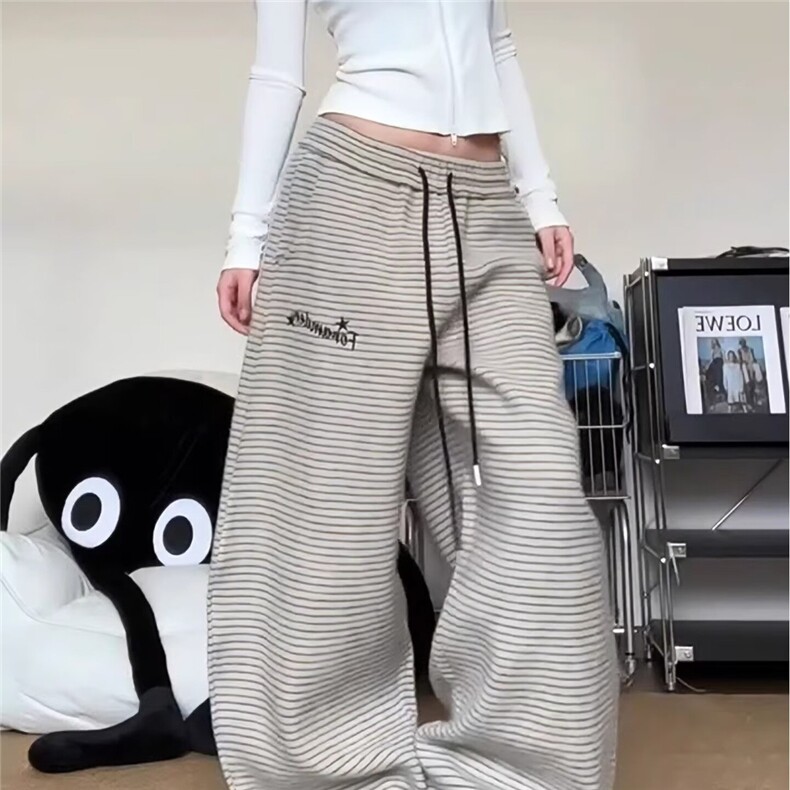 美式慵懒风横条纹垂感阔腿裤2026秋冬高腰显瘦女杏色直筒休闲长裤,男装休闲裤,星座506A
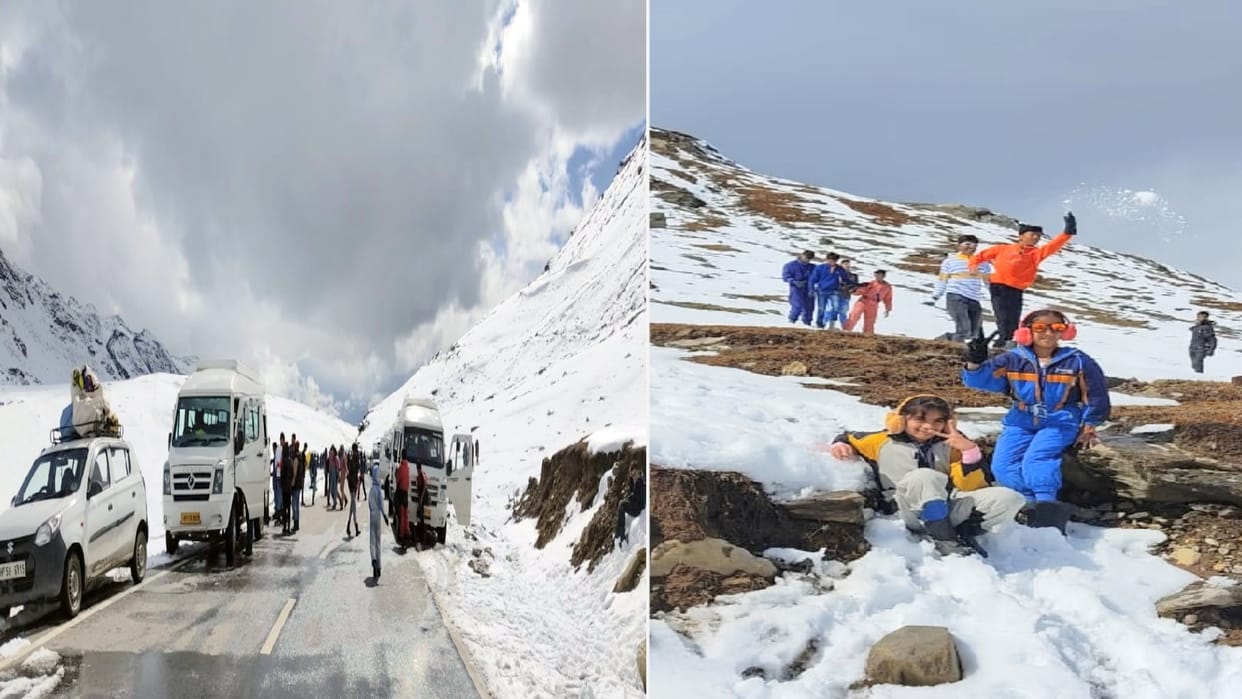 Tourists had fun amid snow in Rohtang, increased movement in Shimla city on weekends
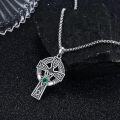 wholesale 925 Sterling Silver Claddagh Celtic Cross Emerald Green Stone Pendant Necklace  Norse Viking Irish Jewelry for Men Women 48cm Chain Length-0-4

> [YOUR OBJECTIVE] An exact copy is needed of the lines running from the one with "Tourists had fun" through the end of the data above, and of those lines only, without pictures.

> [ANSWER FOR THIS EXERCISE]
 Tourists had fun amid snow in Rohtang, increased movement in Shimla city on weekends
 wholesale 925 Sterling Silver Claddagh Celtic Cross Emerald Green Stone Pendant Necklace  Norse Viking Irish Jewelry for Men Women 48cm Chain Length-0-4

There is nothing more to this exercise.